*** Opening of Recorded information ***

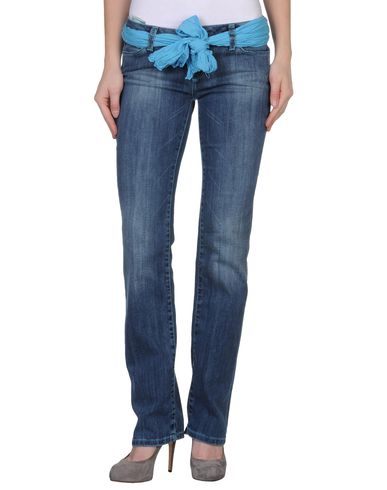 ZOOM JFOUR - Denim pants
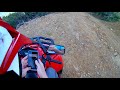 pov atv sÜrÜŞ kÜba vİp track 250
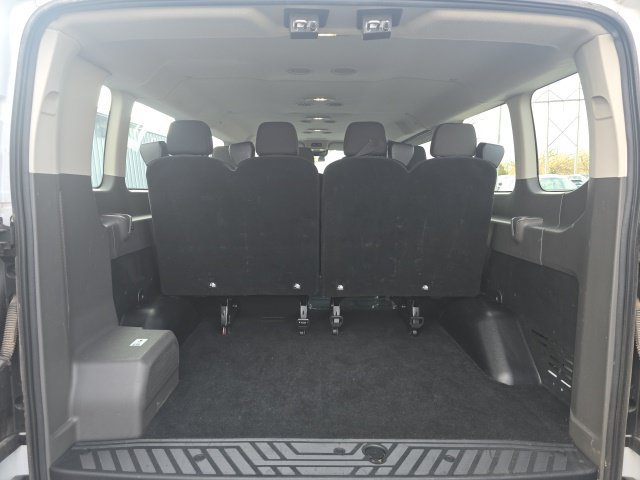 Used 2024 Ford Transit 350 XLT RWD image 24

*** Close of Recorded information ***

Reproduce the listing above exactly, but skip the pictures.

 ZOOM JFOUR - Denim pants
 pov atv sÜrÜŞ kÜba vİp track 250
 Used 2024 Ford Transit 350 XLT RWD image 24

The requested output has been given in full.